My first semester in graduate school, I took a literary theory class that kicked my ass in just the same way a five-mile run that I only have 45 minutes to complete before picking up Benjamin from dance class kicks my ass (yes, dance class was today, and yes, I’m sore as hell). The professor in this class never told us we were right or wrong, which confused our sorry, overachieving selves. He had us read Foucault and Derrida and Said and Baktin till we were all weeping and begging for something easy like Spivak. At the time, I wavered between wanting to hate him and trying to impress him. I never managed to do either.
For one class, he assigned us Eve Kosofsky Sedgwick’s “How to Bring Your Kids Up Gay.” That essay and the discussion that followed is one of the most memorable parts of my six grueling years of graduate school. It made me realize that the world couldn’t change – wouldn’t change – while we treated being gay or being differently gendered as some sort of liability. Sure, it was “cool” to be a gay adult in certain circles, but that didn’t help matters, either. When I had children, that essay and that conversation stayed with me, and it has informed my parenting.
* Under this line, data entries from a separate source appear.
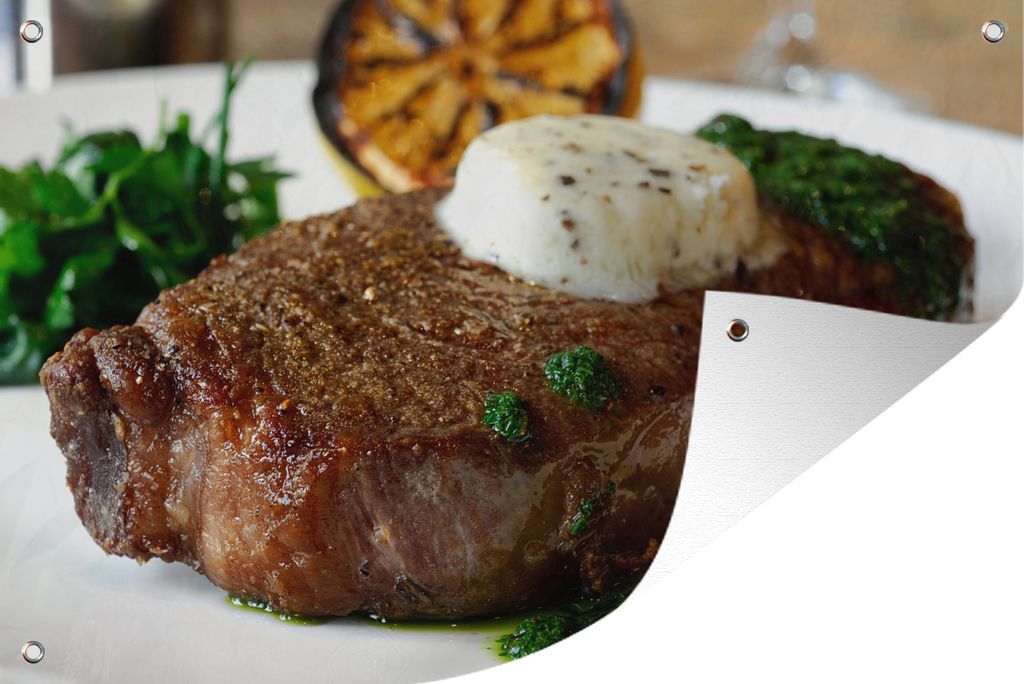 MuchoWow 90x60 cm Outdoor-Poster Gartendeko Sichtschutz Garten Poster für den Garten Steak mit grüner Kräutersauce und Butter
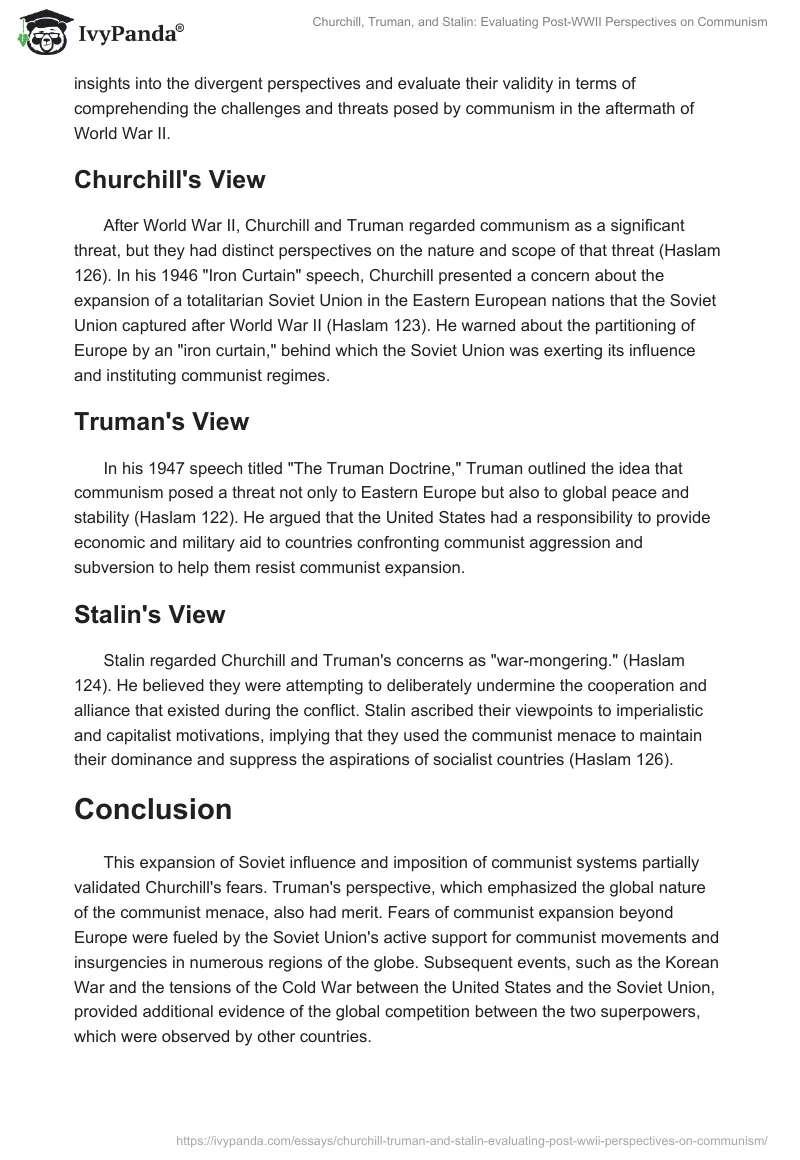 Churchill, Truman, and Stalin: Evaluating Post-WWII Perspectives on Communism. Page 2
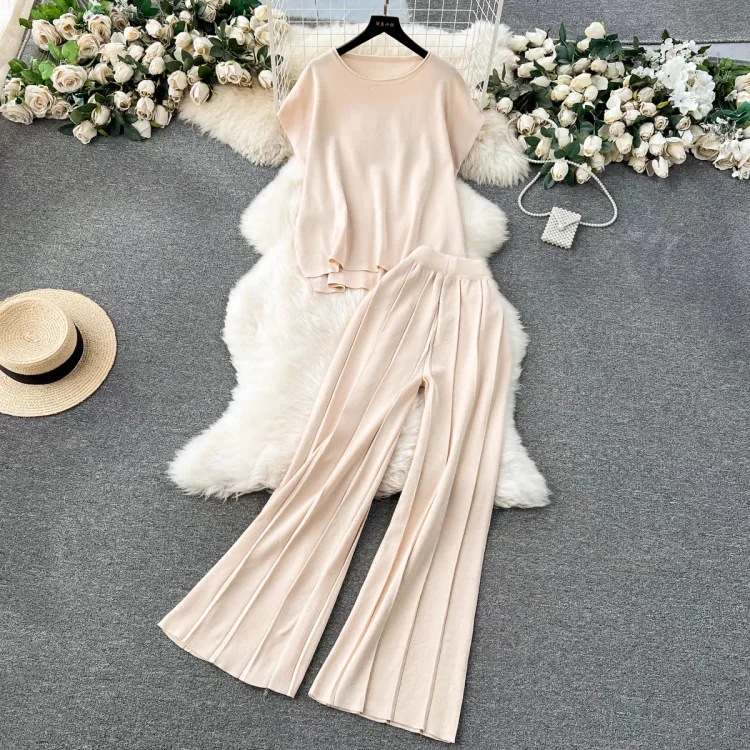 

Casual Suits, Women's Summer New Solid Color Sleeveless Tank Tops, Wide-leg Pants, Ice Silk Knitted Suits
But here’s the cool part, and here’s what I think people who dump on research in the humanities have missed: that essay sort of changed the world. Theorists like Sedgwick thought through the nuances of the way we approach gender and sexuality in our society. Less brilliant schmucks like me read those essays and it influenced not just our personal lives but the way we write, the way we teach, and the way we bring those ideas out in the world. Sure, most people don’t read literary theory (at least not without a bottle of wine), but the people teaching literature and a fair chunk of the writers about culture sure do. There’s a serious trickle-down effect, and I don’t doubt that a lot of the activism that has changed attitudes has been strongly influenced by the theory that some people like to label as pointless or overly convoluted.
Nowadays, I look at my children and I think, “They’ll come out when they’re in middle school, if they come out at all.” More likely, they’ll just date who they date without even needing labels, which most likely means Benjamin will date everyone. And they can be who they want, wear what they want, and dance their asses off. Is it like that everywhere? Hell, no, as evidenced by my son’s discomfort in New Jersey just because he bent a couple of little gender norms. Or as evidenced by Ben’s attempt to take dance in NJ, which was a very different experience than the class he took today.
But the times, they are a’ changing. Yes, my move to Massachusetts has something to do with this, but remember that I went to high school in Massachusetts, and I was at the meeting where our school principal reminded us that our prom date had to be of the opposite sex. There’s no way that would happen here today.
I like to think that if Sedgwick were here today, she’d be pleased with what she helped to build.